Top critical review
3.0 out of 5 starsTechnically implausible
Reviewed in Australia on 12 January 2017
The book assumes a law enforcement technical utopia:
Speak the word “bomb” over a cellular phone and a few minutes later the FBI have your details, any public or private security camera can be accessed and the images transmitted in real time to a remote site, face recognition can identify a person at just about any public place and instantly notify the FBI, a hacker can extract information from any database within an hour and cellular phones work underground, in aeroplanes and in the basements of secure buildings
Despite these implausibilities the book is a page turner with lots of action. There is a mystery about who is killing the ex-Delta force team members and why and the author skilfully strings out the resolution to keep the reader interested.

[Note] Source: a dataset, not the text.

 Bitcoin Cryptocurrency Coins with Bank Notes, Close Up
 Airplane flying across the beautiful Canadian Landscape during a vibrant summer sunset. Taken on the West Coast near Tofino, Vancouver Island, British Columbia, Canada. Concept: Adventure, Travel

There is much inter-agency rivalry and while there is co-operation at lower levels in the upper levels there is much obfuscation. The good guys are the FBI and villains are the CIA in this rivalry.
There is no romantic action except for a muted attraction between Reznick and FBI Assistant Director Martha Meyerstein. He is a widower with a teenage daughter and she is a divorcee with two small children. After three books in the series it is about time they got together and discovered the joys of blended families, although the possibility is left open on the last page. Martha Meyerstein is an unfortunate name that brings to mind a frumpy middle aged gorgon but it turns out that she is very attractive and in her thirties. There seems to be no glass ceiling in the FBI.